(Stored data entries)
--- START ---

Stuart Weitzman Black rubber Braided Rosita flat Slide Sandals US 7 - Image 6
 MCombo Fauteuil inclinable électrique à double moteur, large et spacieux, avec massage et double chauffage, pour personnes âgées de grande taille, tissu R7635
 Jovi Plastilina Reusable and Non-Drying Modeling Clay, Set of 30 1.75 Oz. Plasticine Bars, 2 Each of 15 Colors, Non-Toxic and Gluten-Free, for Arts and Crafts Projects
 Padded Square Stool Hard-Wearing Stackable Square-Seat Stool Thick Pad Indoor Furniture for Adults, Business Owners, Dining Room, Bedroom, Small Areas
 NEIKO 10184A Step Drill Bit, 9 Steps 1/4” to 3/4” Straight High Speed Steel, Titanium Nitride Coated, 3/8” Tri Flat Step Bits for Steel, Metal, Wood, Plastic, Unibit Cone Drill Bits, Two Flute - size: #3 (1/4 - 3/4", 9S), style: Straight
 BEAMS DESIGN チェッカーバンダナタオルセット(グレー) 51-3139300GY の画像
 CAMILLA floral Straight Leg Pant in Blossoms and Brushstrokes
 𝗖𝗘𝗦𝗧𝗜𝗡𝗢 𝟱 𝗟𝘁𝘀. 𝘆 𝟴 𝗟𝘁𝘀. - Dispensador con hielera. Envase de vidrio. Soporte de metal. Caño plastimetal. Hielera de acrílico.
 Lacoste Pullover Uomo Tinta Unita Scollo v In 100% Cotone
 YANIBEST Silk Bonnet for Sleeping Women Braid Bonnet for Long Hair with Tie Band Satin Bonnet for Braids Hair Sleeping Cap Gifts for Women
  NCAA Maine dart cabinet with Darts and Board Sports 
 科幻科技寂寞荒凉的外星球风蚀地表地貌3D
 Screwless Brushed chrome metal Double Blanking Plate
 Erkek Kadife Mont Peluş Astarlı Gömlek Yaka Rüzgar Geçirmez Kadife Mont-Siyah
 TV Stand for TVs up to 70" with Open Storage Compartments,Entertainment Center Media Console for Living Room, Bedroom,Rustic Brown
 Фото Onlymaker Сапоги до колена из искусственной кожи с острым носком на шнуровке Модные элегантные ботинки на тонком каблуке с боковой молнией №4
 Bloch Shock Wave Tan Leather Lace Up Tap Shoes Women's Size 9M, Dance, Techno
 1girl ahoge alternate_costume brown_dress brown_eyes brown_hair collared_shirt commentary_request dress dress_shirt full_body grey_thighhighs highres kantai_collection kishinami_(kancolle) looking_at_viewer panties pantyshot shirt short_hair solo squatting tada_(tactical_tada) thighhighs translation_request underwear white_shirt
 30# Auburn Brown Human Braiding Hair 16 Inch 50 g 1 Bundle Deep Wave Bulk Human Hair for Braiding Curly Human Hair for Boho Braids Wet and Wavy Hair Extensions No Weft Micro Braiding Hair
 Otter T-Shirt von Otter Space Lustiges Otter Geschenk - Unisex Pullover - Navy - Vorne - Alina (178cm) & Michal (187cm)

--- END ---

* _EXERCISE INSTRUCTIONS_:
Could you return exactly the stretch of the data above that starts at the line with "Фото Onlymaker Сапоги" and ends at the line with "Bloch Shock Wave", both lines included?

* _EXERCISE SOLUTION_:
 Фото Onlymaker Сапоги до колена из искусственной кожи с острым носком на шнуровке Модные элегантные ботинки на тонком каблуке с боковой молнией №4
 Bloch Shock Wave Tan Leather Lace Up Tap Shoes Women's Size 9M, Dance, Techno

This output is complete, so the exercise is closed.